В сенях, отряхивая валенки, он слышал грубый, осипший голос раненого Махно и стук его костылей. Штрауб подождал, когда уйдет обруганный «батько», сдавший в плен две сотни человек, и, по привычке погладив голову, на которой почти не осталось волос, вошел в комнату, крепко прижимая к боку папку с написанными им статьями, которую он захватил на всякий случай с собой.

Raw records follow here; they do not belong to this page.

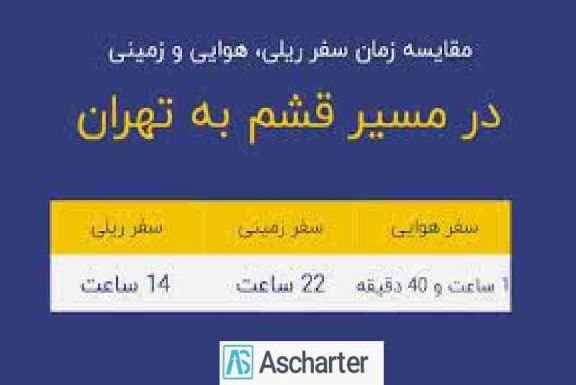بلیط هواپیما چارتر قشم تهران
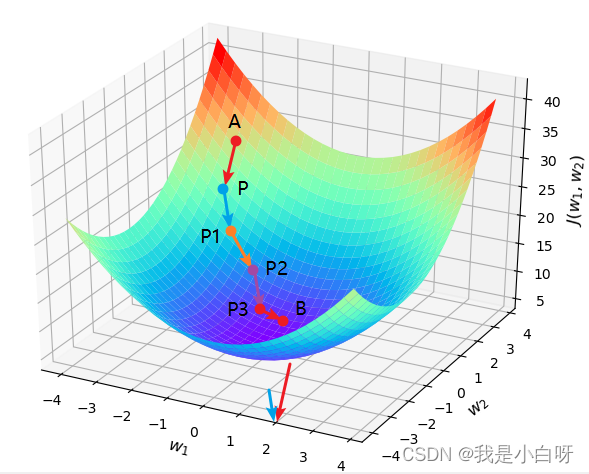 ここに画像の説明を挿入します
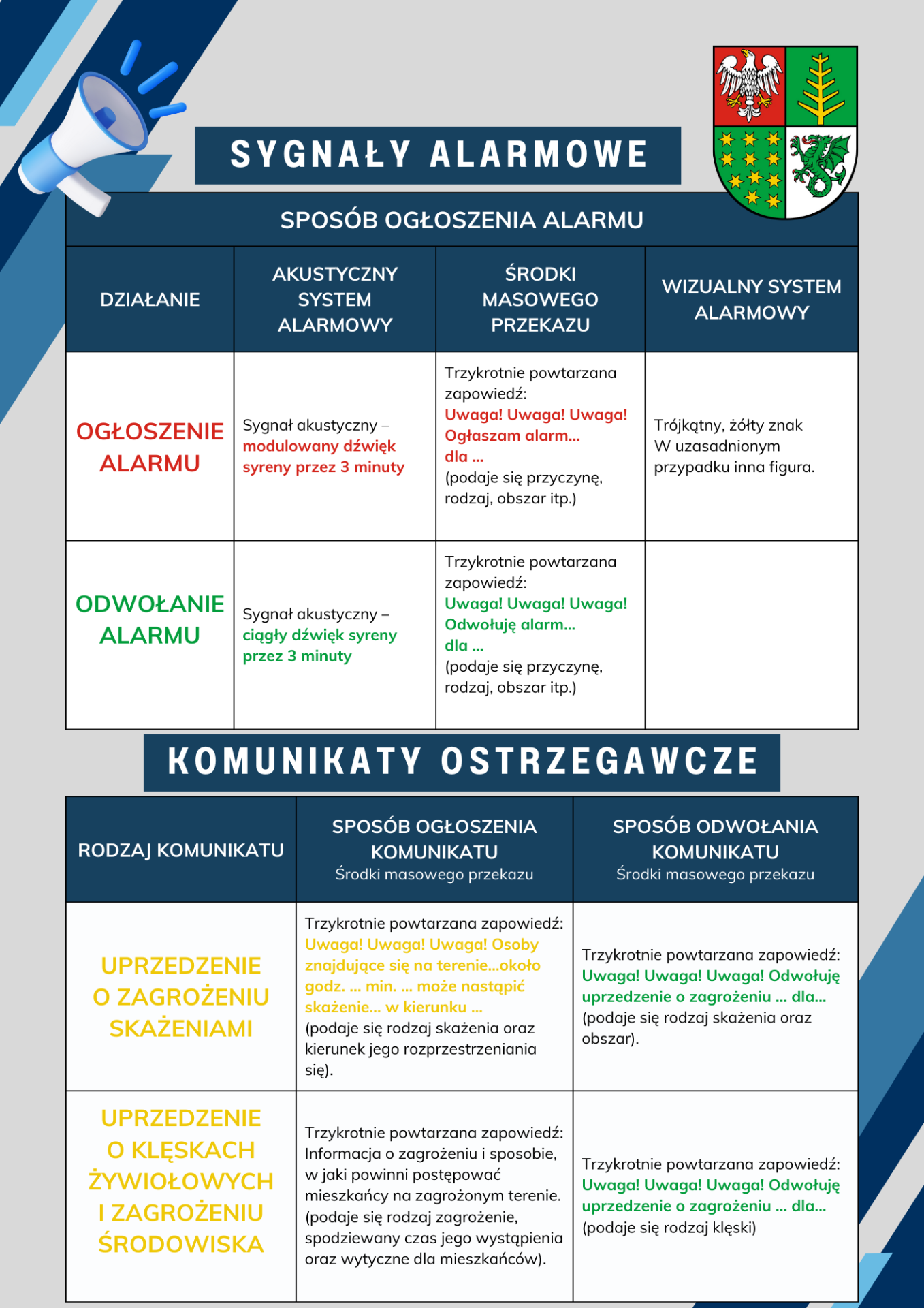 Sygnały alarmowe i komunikaty ostrzegawcze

Стуча костылями, Махно несколько раз прошелся по комнате, а затем, поддерживаемый сестрой милосердия под руку, с легким, каким-то капризным стоном опустился на лавку. Маруся, жена Махно, вынула из низенького резного шкафика графин, налила тоненькую рюмочку и подала Махно вместе с тарелкой, на которой лежали тонкие розовые ломтики сала. Он выпил и, беря сало грязными пальцами с длинными ногтями, сказал, кивая на графин:
— Не той налила. Лимонной хочу.
— Выдохлась корка, никакого запаху не дает, — сказала Маруся, разводя беспомощно руками.
Несколько поодаль, у печи, сидели махновские «батьки» — Чередняк, Правда, Каретник. Среди них сидела Вера Николаевна. Когда Махно подходил к «батькам», он бросал взгляд на Веру Николаевну и криво улыбался.
— А холодно, газета? — резко повернувшись к Штраубу, спросил Махно. — Где Аршинов?
— Сейчас придет.
— Слушай, газета! — сказал Махно, принимая рюмку от Маруси. Он выпил, поморщился и, видимо, не забывая о лимоне, сказал: — А в Мадриде лимоны есть? Ты в Мадриде бывал, газета? Большой город, красивый, а? Вот бы зажечь. Ха! Екатеринослав я жег, Мелитополь жег, Ростов жег, — что мне Мадрид или Париж не зажечь?
— Париж или Мадрид можно, а вот Нью-Йорк нельзя, — сказал, входя, Аршинов. — Здравствуйте, селяне. Здравствуй, батька. Почему, спросишь, нельзя Нью-Йорк?.. Ну, люди здесь свои, скажу. Ривелен к нам едет. Сам Ривелен! Нью-йоркский анархистский батька. Он не позволит нам Нью-Йорк сжечь, ха-ха!..
— Ну, едет, и черт с ним, — сказал Махно. — А ты с чем пришел? Какие предложения? Чего вы все молчите?! Я знаю, что вы сговорились!
Аршинов улыбнулся:
— Ну, в моем предложении мы не сговорились. Пришло время, батька, мобилизовать у селян еще по одному коню со двора.
— Не можно, — сказал батька Правда. — Этого никак не можно: селяне на нас рассердятся, начнут Пархоменке помогать… нет, больше коней у селян брать нельзя.
Чередняк проговорил:
— Чего нью-йоркский батька везет? Коней бы вез!
Аршинов, привыкший к манере «батьков», продолжал:
— Артиллерия заграничная, хорошая, а без толка вязнет в снегу, пропадает… вот и сейчас отстала. Коней не хватает, батька! Надо конскую мобилизацию объявлять.
— Уходи, — сказал Махно. — Надоел. Кони, кони! Ненавижу!
— Кого, батька?
— Спать не могу. Водка не пьянит. Никому не верю. Куда ни пойду, он везде меня — рукой за горло! Кто? Пархоменко! — Он подсел к «батькам», рядом с Верой Николаевной. Маруся поднесла ему новую рюмку водки. Махно обнял Веру Николаевну за талию. Она отодвинулась.
— Я — замужняя, батька.
— Можно развести.
— Каким образом?
— Не образом, а обрезом.
— Глупо!
— Паскудная зима… — сказал среди общего молчания батько Чередняк. — То снег, то слякость… а он все-таки за нами скаче…
Батько Правда спросил:
— Кто?
— Да он же!.. Кони у него добрые… а нам у селян никак нельзя коней брать… выдадут.